• **Directions for this task**
Beginning at the line that holds "Beltronic Information Technology", repeat every line through the last line of the material, exactly, and drop any pictures.

- - - - - - -

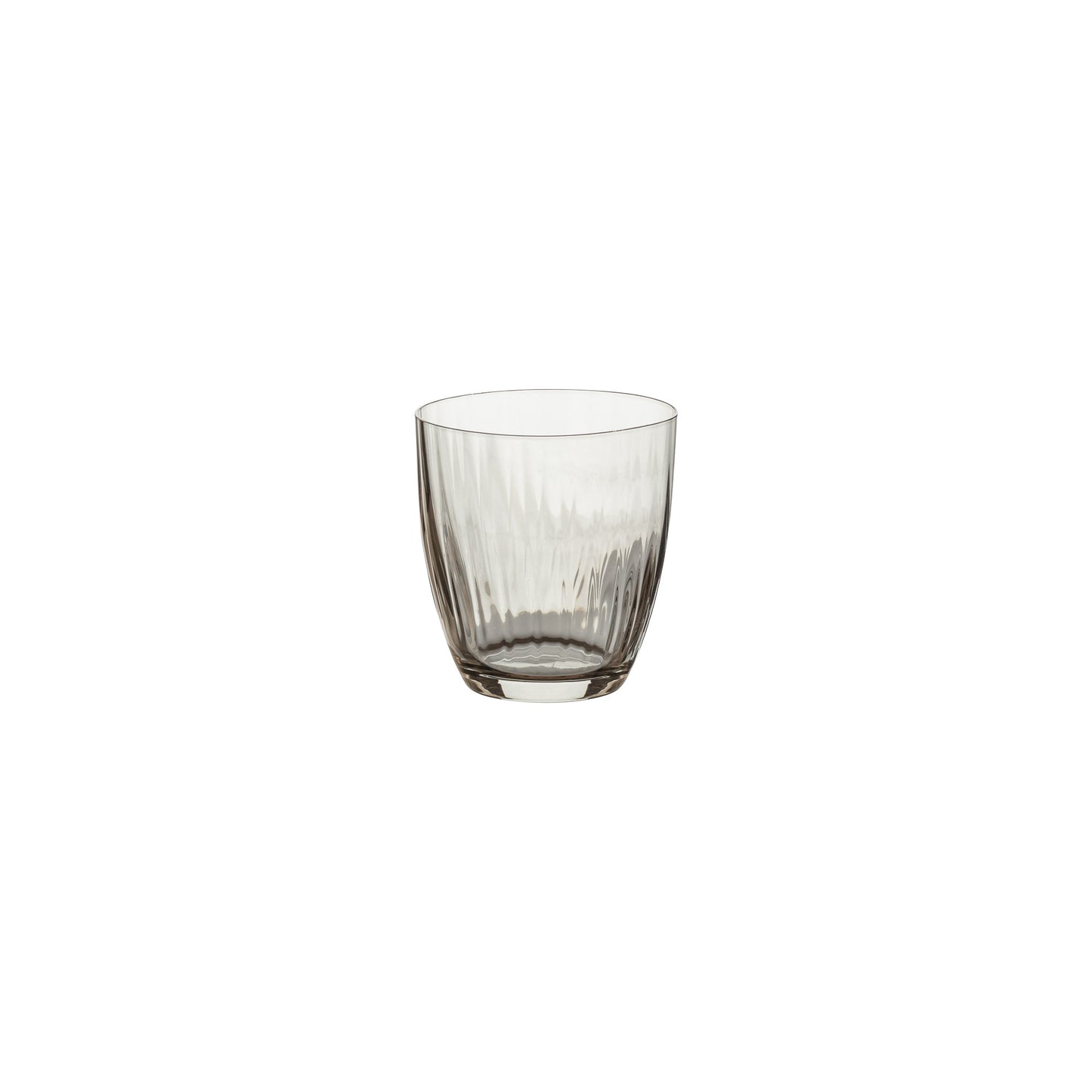 Tumbler Sens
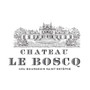 Chateau Le Boscq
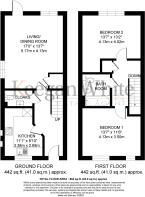 Lenny White Estate Agents in Thame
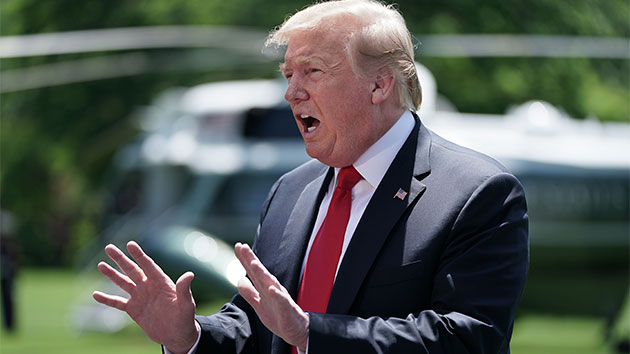 052419_getty_trump-2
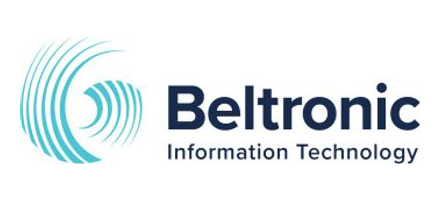 Beltronic Information Technology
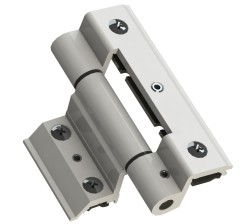 KN219CC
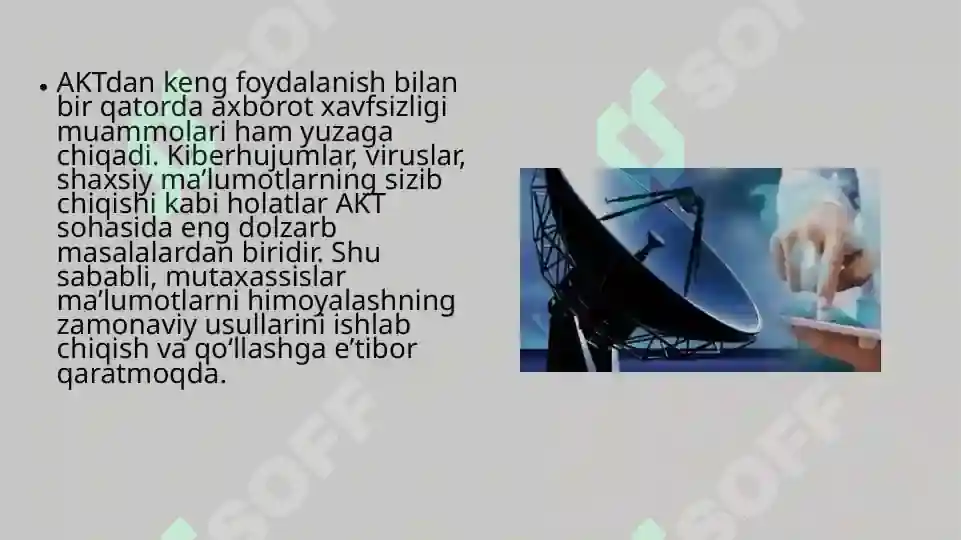 Product slide 8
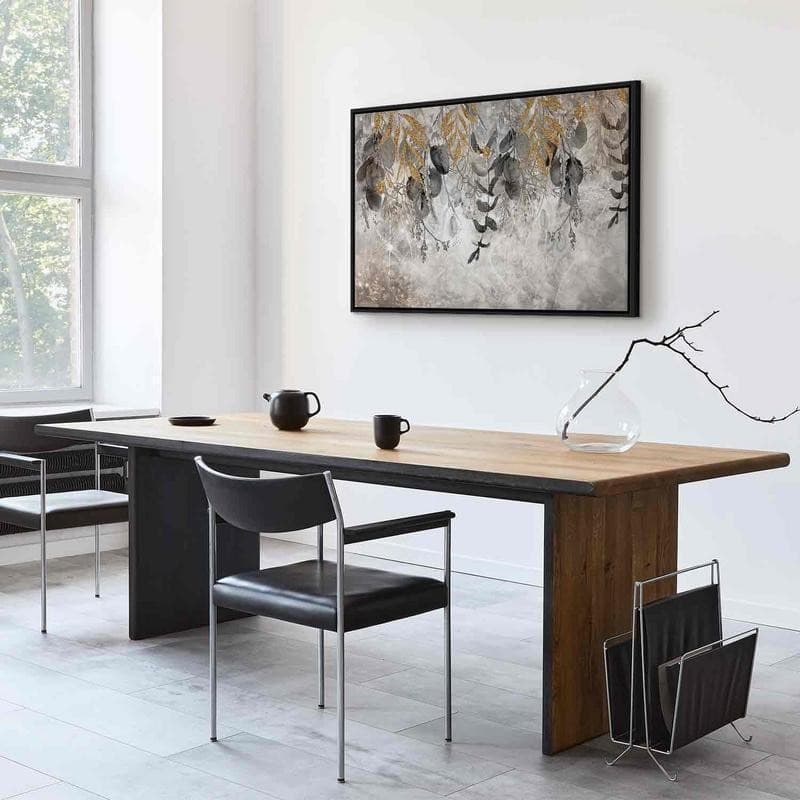 Quadro Angelic Touch (1 Part) Wide in Poster e stampe Collezione Casa - Trebisacce, commercioVirtuoso.it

- - - - - - -

• **Solution**
 Beltronic Information Technology
 KN219CC
 Product slide 8
 Quadro Angelic Touch (1 Part) Wide in Poster e stampe Collezione Casa - Trebisacce, commercioVirtuoso.it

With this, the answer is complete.